Tuesday, February 7, 2012

Pasketti Western #4: Watching BEFORE WATCHMEN With Ben Jeddrie!

In the wake of last week's bombshell announcement that DC Comics would be publishing a series of WATCHMEN prequel miniseries this summer (without the involvement of either Alan Moore or Dave Gibbons), local favourite Ben Jeddrie and I discuss the ethics of the project, the array of creators involved, and the changes in creators' rights between now and WATCHMEN's original publication date. Ben also provided the nifty title card seen above. Check out more of his work here and here, and listen to the new episode by clicking HERE!

1 comment:

  1. Dave, Ben... I really enjoyed that discussion of the "Before Watchmen" series, that turned into a nice digression into creator rights and the Zack Snyder movie. Like yourselves I remain conflicted about the series. I will be definitely checking out the Darwyn Cooke "Minute Men" title, but my excitement for it is as a Cooke project not as a Watchmen project.

    That is how I feel about the various mini-series as a whole. Funnily enough, the less anyone of these series seems like Moore's Watchmen the more I might find myself drawn to them. Moore's work does not need additions or subtractions, further exposition. If these series can stand as cool stories that happen to feature Watchmen characters then they might work out fine. Otherwise the results could be hazardous indeed for the genuine Watchmen fan. But I do trust in Darwyn to do good things.

    I am not even sure this is going to make DC all the money it thinks it will. I know many readers of Watchmen are not even regular comic readers, and are unlikely to bother checking out a complicated array of new monthly series. And even those regular comic buyers might not let their limited dollars part for a bunch of books only tangentially connected to the mainstream DCU. JLA seems to continue to garner huge sales, as does Batman and Superman. For Marvel the universe seems to have contracted to Avengers, Spider-Man and the X-Men, and perhaps Captain America. Titles outside these "grand old men" titles always seem to struggle for a legitimate piece of the pie. Agents of Atlas? Thor, the Mighty Avenger?
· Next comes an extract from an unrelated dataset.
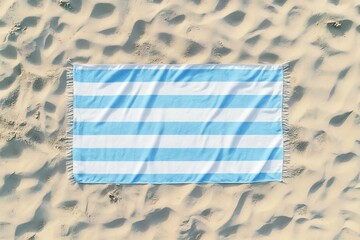 Striped beach towel on sand, aerial view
    Dave, you would know more about the sales aspect of comics than I would, but I wouldn't be surprised to see the Watchmen minis achieve sales no greater than a more popular Vertigo book might.

    I recall when Marvel acquired the rights to Marvelman/ Miracleman to some fanfare a few years back it was supposed to be a huge deal. The legal issues aside, a lot of regular Marvel fans were just indifferent to the announcement. If it wasn't X-Men or Avengers or if it didn't "matter" to the mainstream universe then "forget about it." i know Marvelman has nothing like the footprint of Watchmen, but still I don't know if the fans will be there for a "marginal" story. I could be talking out of my ass on this though.

    Anyway... I loved the talk, and tell Ben that Dr. Alan Manhattan cartoon is nothing short of perfect! Thanks, Craig Dodge.